● Task to carry out:
Write out the data exactly, please, and omit the pictures.

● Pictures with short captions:
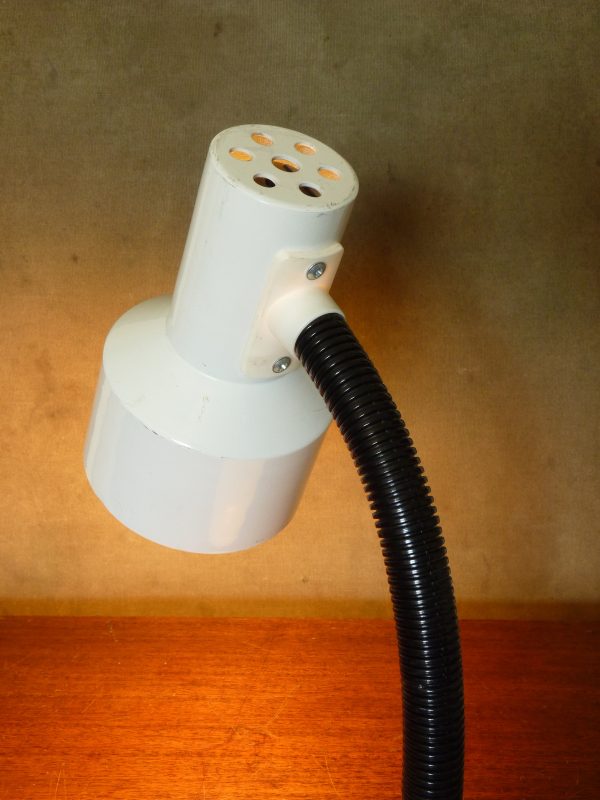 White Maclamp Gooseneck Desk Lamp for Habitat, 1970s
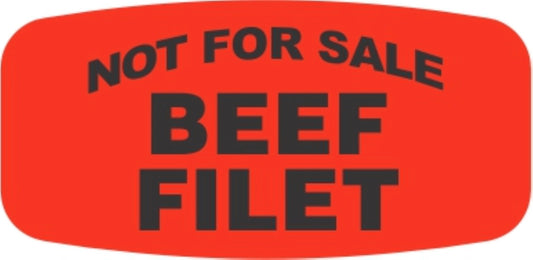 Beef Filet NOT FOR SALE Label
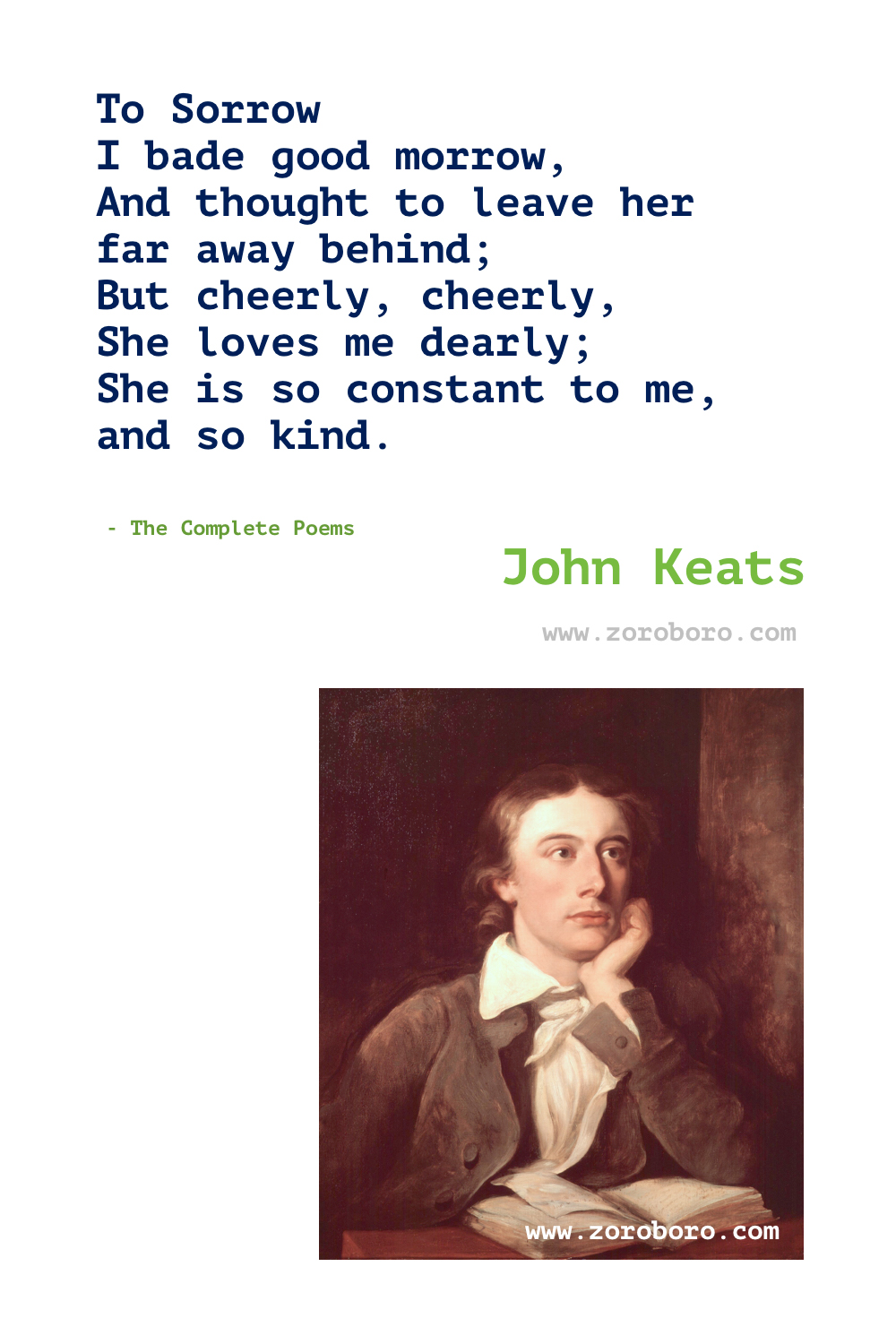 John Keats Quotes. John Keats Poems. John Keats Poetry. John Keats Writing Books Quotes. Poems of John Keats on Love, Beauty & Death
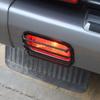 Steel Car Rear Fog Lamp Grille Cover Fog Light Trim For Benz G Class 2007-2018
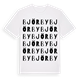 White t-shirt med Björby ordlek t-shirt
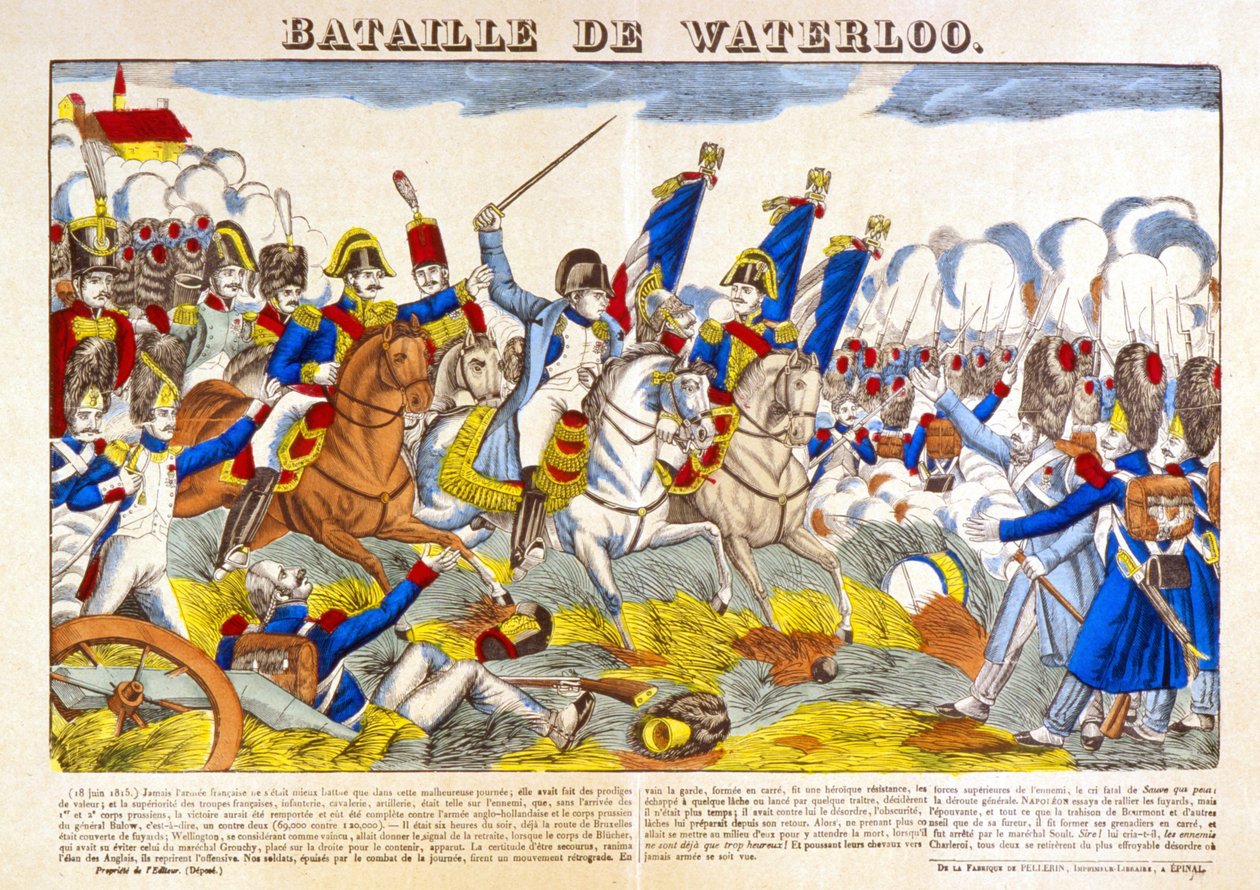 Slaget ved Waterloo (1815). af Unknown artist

● Response to this task:
 White Maclamp Gooseneck Desk Lamp for Habitat, 1970s
 Beef Filet NOT FOR SALE Label
 John Keats Quotes. John Keats Poems. John Keats Poetry. John Keats Writing Books Quotes. Poems of John Keats on Love, Beauty & Death
 Steel Car Rear Fog Lamp Grille Cover Fog Light Trim For Benz G Class 2007-2018
 White t-shirt med Björby ordlek t-shirt
 Slaget ved Waterloo (1815). af Unknown artist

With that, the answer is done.